Infrastructure design question

Hi all,

I'd like to get some advice regarding infrastructure design. My company is thinking moving onto ESXi environment from Xen and I am currently drawing a infrastructure design but would like to get some advice. I have drawn the following diagram that shows a physical connection between two data centres.

layer1.png

My idea is:

  1. VMs should be able to get live migrated if required. This includes internet connectivity. For example, a VM running on ESXi1 in DC A has public IP address. And if it moves to DC B, I don't need to change its IP address at all and internet connectivity should still work.
  2. A separate network for VM migration and VM storage (Red - 10G). All other traffics, e.g. private network traffic between VMs, cluster traffic between ESXi hosts use different network (Green - not 10G).
  3. VMs can be distributed on both data centres' ESXi hosts but their disks are all in one storage (Storage 1) and each VMs backup is stored into other data centre storage (Storage 2) or the whole storage itself is replicated.
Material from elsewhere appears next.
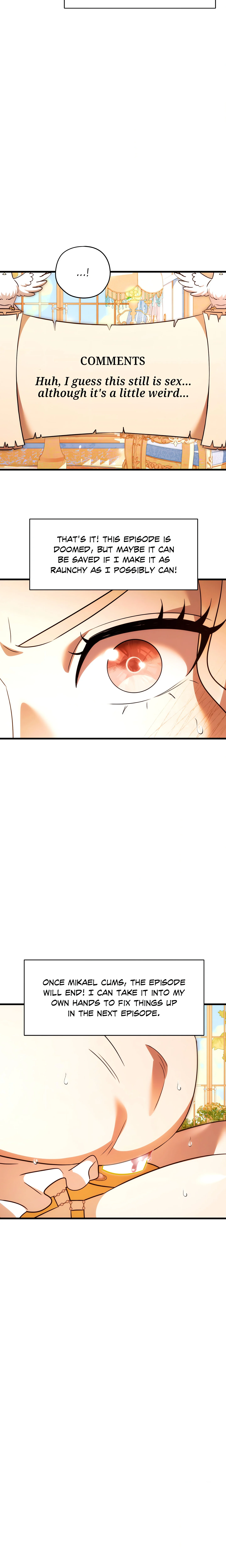 Scripting Seduction (Official Uncensored) chapter 19 page 4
I was thinking those three things as main factors so far. My question is:

  1. Assuming that all routing is sorted, will the above diagram work? I've tested with other product (Proxmox) internally (not on DC) and confirmed the concept is working. So, I guess it would in VMware as well?
  2. If this is going to work, should I make a single cluster across the data centres? If not, any recommendations? My previous test with Proxmox used one cluster.
  3. I am a bit worrying about #2 from my idea. Will the green segment be okay for all other traffics without saturating it? I am thinking of using 1G.
  4. Regarding #3 in my idea, if I am going to use ZFS as a storage, what would be better for backup? Just use individual VM backup on other storage (I guess it doesn't need to be ZFS) or ZFS replication? Of course, minimal downtime is better when disaster happens but it doesn't need to be must. Also, I guess using iSCSI over ZFS is recommended if ZFS is used?

Apologies for poor English. Hope I explained okay. If I could get any advice, I'd really appreciate it. Thanks a lot.

Eoin

11 Replies
scott28tt
VMware Employee
VMware Employee

Moderator: Thread moved to the broader vSphere area since you have questions about networking, backups, replication, migration.

You should also consider vCenter Server in your deployment.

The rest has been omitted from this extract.